Task directions
Write out again, word for word, the lines below from the line that holds "серо-голубой, 10x6x6 см" through the line that holds "Серебристое кольцо с", omitting pictures.

[Opening Exercise material section]

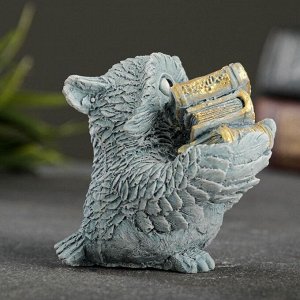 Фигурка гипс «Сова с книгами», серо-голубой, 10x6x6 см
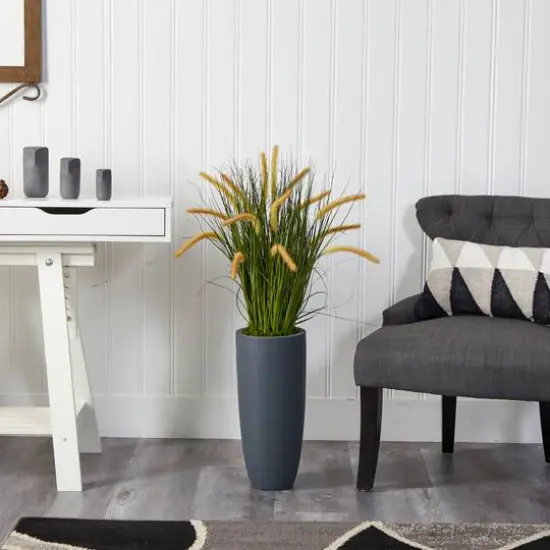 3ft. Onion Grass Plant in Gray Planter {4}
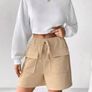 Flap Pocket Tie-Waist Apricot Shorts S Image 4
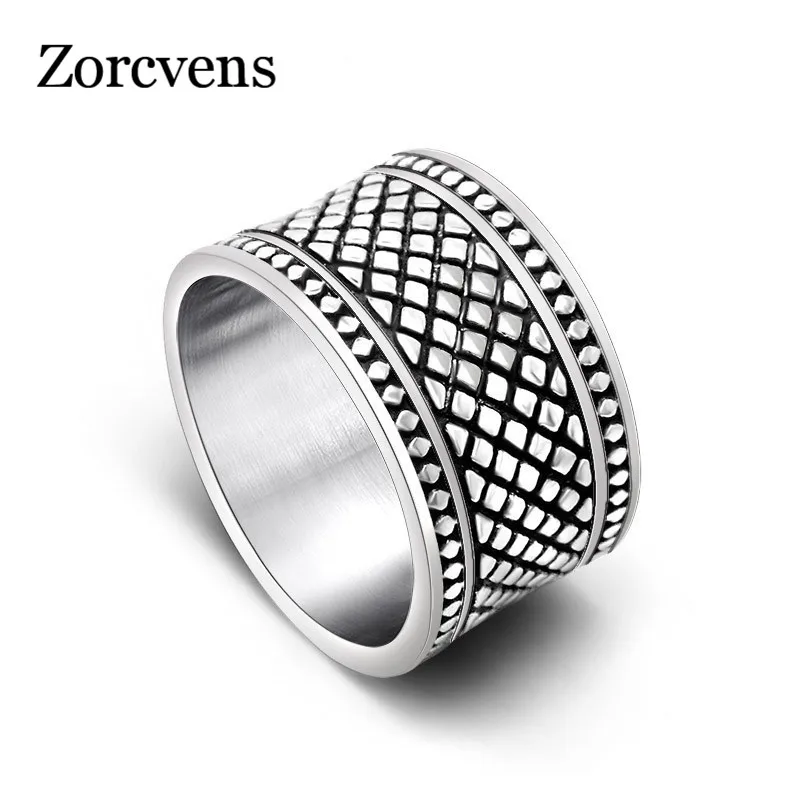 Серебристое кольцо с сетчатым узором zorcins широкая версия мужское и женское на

[Closing Exercise material section]
[Opening Exercise material section]

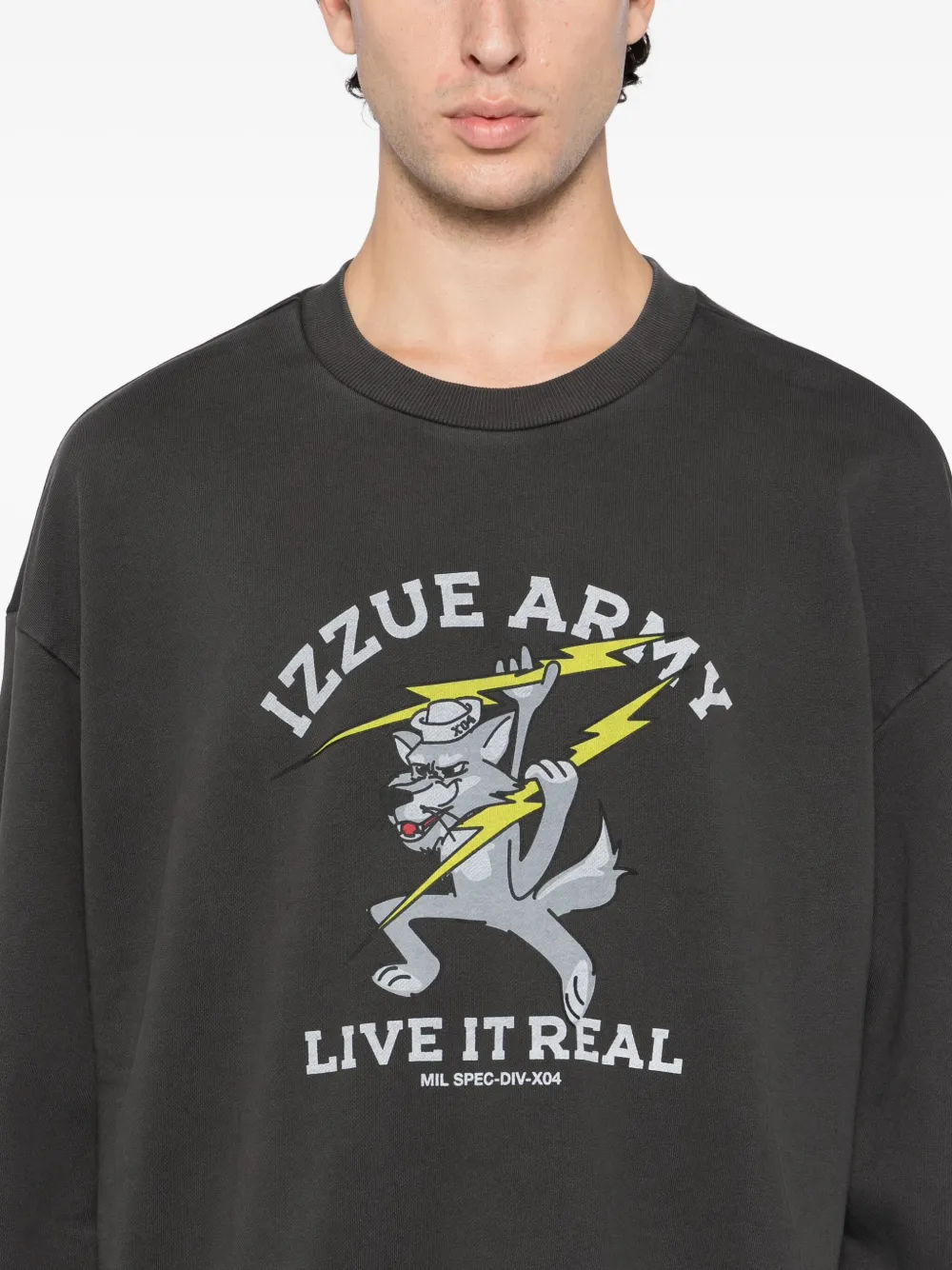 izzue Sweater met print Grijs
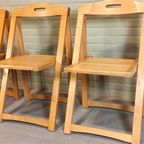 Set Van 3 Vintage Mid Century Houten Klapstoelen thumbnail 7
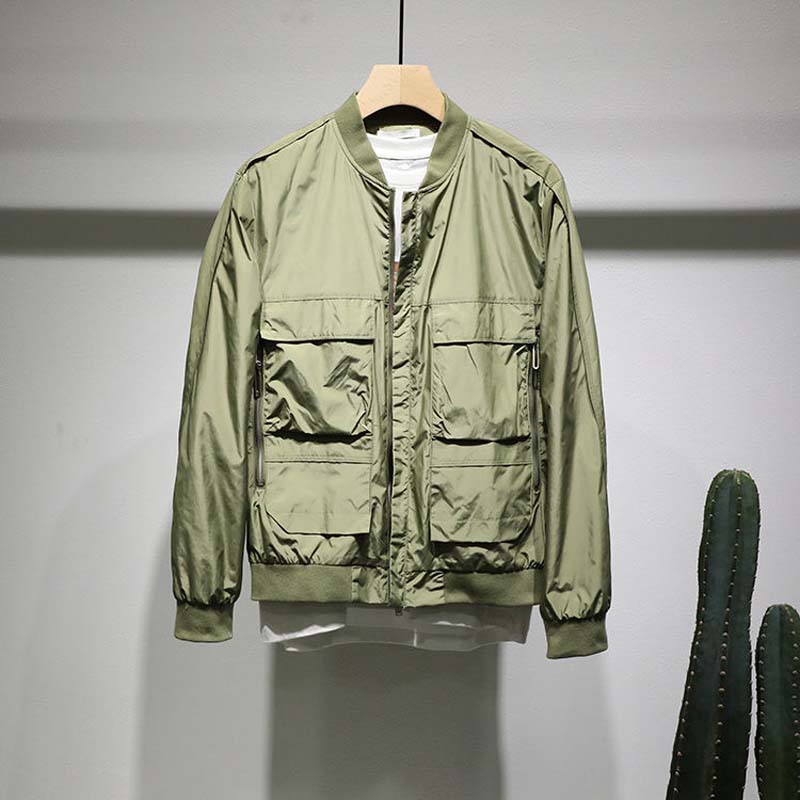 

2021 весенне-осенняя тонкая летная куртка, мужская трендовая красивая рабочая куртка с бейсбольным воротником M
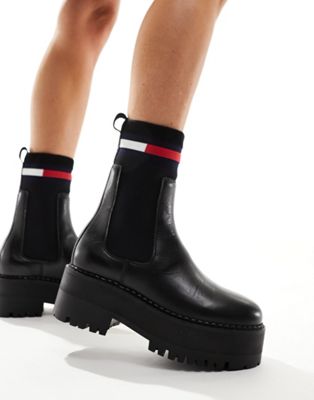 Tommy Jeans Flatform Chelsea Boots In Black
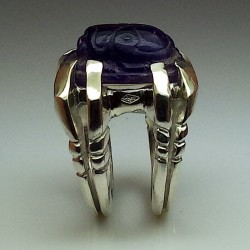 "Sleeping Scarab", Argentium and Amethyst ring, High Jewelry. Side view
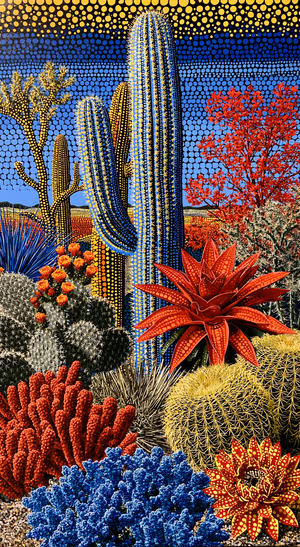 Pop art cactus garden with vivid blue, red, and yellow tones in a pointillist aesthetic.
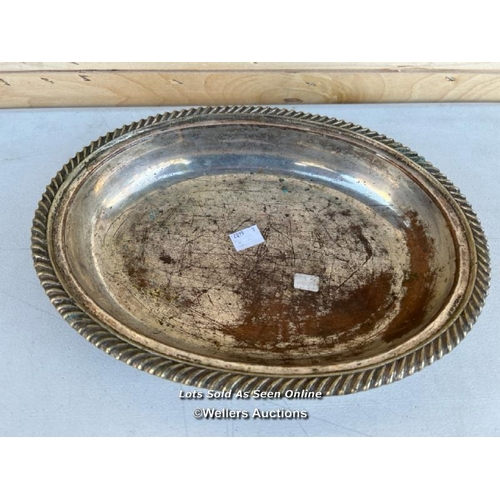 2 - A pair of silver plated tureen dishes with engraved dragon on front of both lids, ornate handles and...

[Closing Exercise material section]

Exercise response
 Фигурка гипс «Сова с книгами», серо-голубой, 10x6x6 см
 3ft. Onion Grass Plant in Gray Planter {4}
 Flap Pocket Tie-Waist Apricot Shorts S Image 4
 Серебристое кольцо с сетчатым узором zorcins широкая версия мужское и женское на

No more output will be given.